Pas de réponse claire aux problèmes réels des entrepreneurs individuels et des petites entreprises

Entrepreneur individuel à responsabilité limitée

Par Nicole Borvo Cohen-Seat / 8 avril 2010

Madame la présidente, monsieur le secrétaire d’État, mes chers collègues, beaucoup de petites entreprises disparaissent tous les jours, en raison de la crise économique et sociale générée par des politiques toutes dévouées aux dividendes des grands groupes financiers.

Beaucoup d’entrepreneurs individuels à qui l’on fait miroiter l’espoir de prospérer sont tentés de se lancer mais disparaissent.

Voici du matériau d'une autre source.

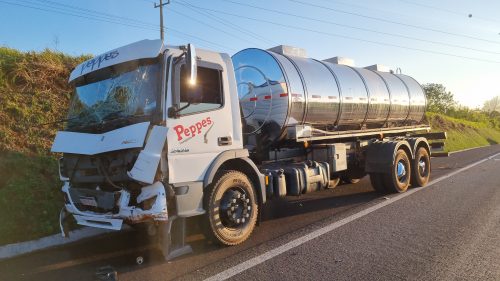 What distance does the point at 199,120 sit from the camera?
17.7ft

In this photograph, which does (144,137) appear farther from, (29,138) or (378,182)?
(378,182)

Le projet de loi qui nous est aujourd’hui soumis affiche une bonne intention : réformer le statut de l’entrepreneur individuel pour le protéger, lui et sa famille, contre les conséquences désastreuses d’une faillite ; il est loin, je le crains, de tenir ses promesses.

Cette réforme, les artisans et les commerçants l’attendaient depuis plus de trente ans. En effet, pendant toutes ces années, les mesures se sont succédé – je pense à la création de l’EURL ou à la déclaration d’insaisissabilité de la résidence personnelle de l’entrepreneur – mais aucune n’a donné pleinement satisfaction.

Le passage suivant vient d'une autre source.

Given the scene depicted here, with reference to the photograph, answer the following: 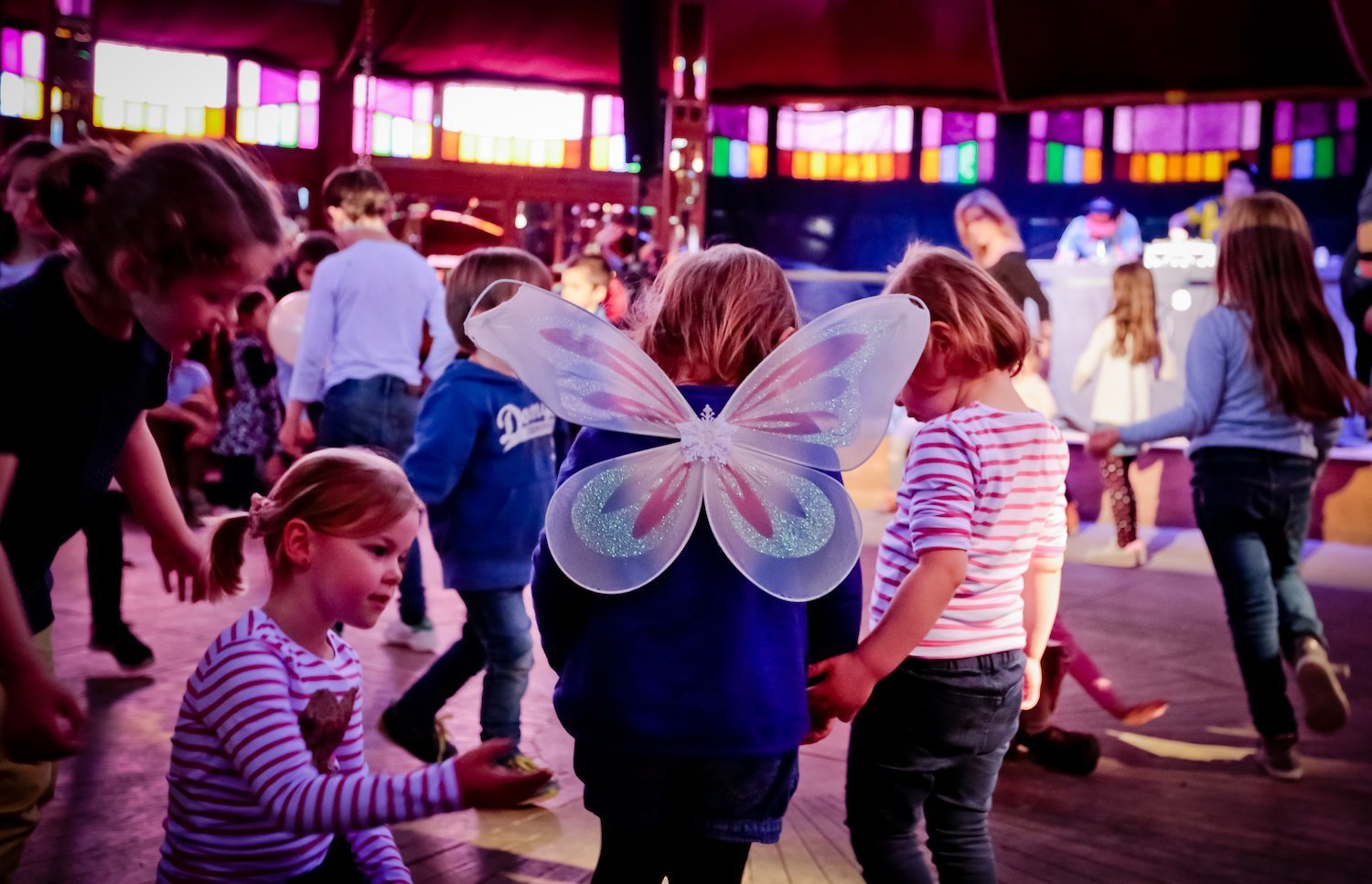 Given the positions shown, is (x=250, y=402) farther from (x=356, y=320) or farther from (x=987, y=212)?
(x=987, y=212)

La réforme prévue par votre projet de loi, monsieur le secrétaire d’État, viendra vraisemblablement grossir leurs rangs.

Pour protéger les entrepreneurs du pire, ce projet prévoit de leur permettre d’opérer une scission entre leur patrimoine personnel et le patrimoine affecté à leur activité professionnelle.

Pour cela, le projet rompt avec le principe de l’unicité du patrimoine.

Chaque entrepreneur pourrait disposer d’un patrimoine personnel et d’un, voire de plusieurs patrimoines d’affectation. Ainsi, en cas de faillite, les biens faisant partie du patrimoine personnel de l’entrepreneur seraient épargnés.

Théoriquement, ce projet devrait donc permettre de limiter significativement le risque encouru par l’entrepreneur de voir ses biens propres ou sa maison saisis par ses créanciers professionnels. Je dis « théoriquement » parce que, dans la pratique, il paraît peu probable que ce projet opère une réelle atténuation de ce risque – vous le reconnaissez, monsieur le secrétaire d’État.

Après tout, un entrepreneur doit prendre des risques, c’est certain, mais là n’est pas le problème. Les entrepreneurs en nom propre existant aujourd’hui, qui sont au nombre de 1,5 million, ne verront certainement pas leur prise de risque réelle disparaître grâce à ce projet puisque celui-ci ne permet même pas de la limiter.

Pour que la prise de risque des entrepreneurs diminue, il aurait fallu un projet beaucoup plus ambitieux.

Ce projet se borne à prévoir et à organiser la scission des patrimoines. Or, force est de le constater, sur ces deux points, ce projet de loi ne répond pas aux attentes : il n’offre aucune protection réelle du patrimoine personnel contre les banques.

Quand il s’agira de négocier un emprunt auprès des banques, première difficulté des petits entrepreneurs, l’étanchéité aura vécu. Certes, comme le prévoit l’article 1er, le patrimoine affecté ne comprendra que « les biens, droits, obligations ou sûretés » utilisés pour l’exercice de l’activité professionnelle.

Mais on ne voit pas en quoi la reconnaissance d’un tel patrimoine affecté empêchera les banques d’exiger des sûretés réelles constituées sur un bien du patrimoine personnel pour garantir un emprunt nécessaire à la poursuite de l’activité, et d’en faire la condition de l’obtention du prêt.

On se demande même d’ailleurs si, eu égard à la définition du patrimoine affecté proposée à l’article 1er, les sûretés accordées sur un bien issu du patrimoine personnel et nécessaire à la poursuite de l’activité n’opéreront pas l’affectation indirecte de ce bien au patrimoine professionnel.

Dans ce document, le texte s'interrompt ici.